(八)

 密談の場は、絞られつつあった。肥後藩御用達の肴屋であったが、今は旅籠を営んでいる小川亭、そして土佐藩士がよく利用する四国屋。或いはその二つの宿の周辺と考えられた。いずれにしても、一軒一軒あたってみるしかなさそうだという事になった。
 ところが、三条界隈に探索に出ていた島田、川島らが戻ってきたものの、結局五日の晩はどの宿が怪しいのか判らず終いだった。
 明けて六日。祗園会所より、三十四名の新選組隊士が三手に分かれ、出発した。
 近藤率いる一隊十名、土方隊二十三名、井上源三郎の隊十名は、四条大橋手前の縄手四辻で別れた。
「ゆめゆめ油断するなよ」
 と、いう土方に近藤が力強く頷く。
 斎藤は土方の脇で近藤隊を見送った。沖田の背中が軽やかに遠ざかって行く。新選組あるいは幕府の命運をわかとうという一大事になるやも知れないのに、普段と変わらない沖田はやはり沖田らしい。
 二十三人の土方隊は、縄手通りを北上した。ここら辺りの旅籠や茶屋は構えも大きい。四条から三条までの間はそう遠くなく、十間ほどなのだが、筋ごとに軒を連ねる店を改めつつ進むとなると、大層な手間であった。

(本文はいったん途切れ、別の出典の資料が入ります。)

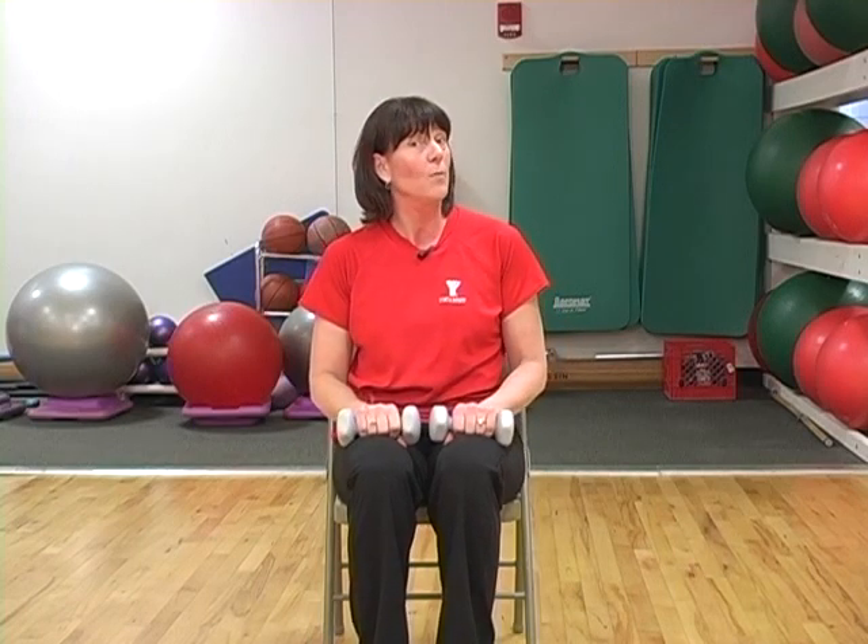There are many, many exercises you can do to help strengthen your arms. If you want to learn more, contact me at the Waldo County YMCA.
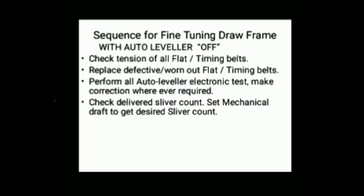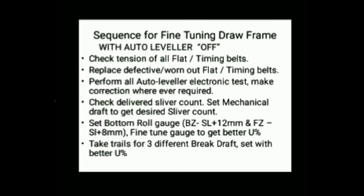For the sequence of fine-tuning the drawframe with autoleveller on: first check the tension of all flat and timing belts which are engaged with the drafting grill and servo drive, and replace whichever is defective or worn out. Then check all autoleveller tests and fine-tune wherever required.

 目星をつけていた本命の小川亭へ踏込んだ時、斎藤は宿改めの一声が上がる前にふと気付いた。
 ここは違うのではないか。
 何故そう思ったのかは自身にもよく判らなかったが、川島勝司から聞いた男の名前がふと頭を過ぎったのである。
「長州……」
 斎藤の呟きを、土方が聞き逃さなかった。
「長州定宿を探せというのか?お前の勘が当てになるのか」
 土方は苦笑した。結局、小川亭には尊攘派はいなかった。祇園祭を楽しみに来た近郊の客が大勢いただけだった。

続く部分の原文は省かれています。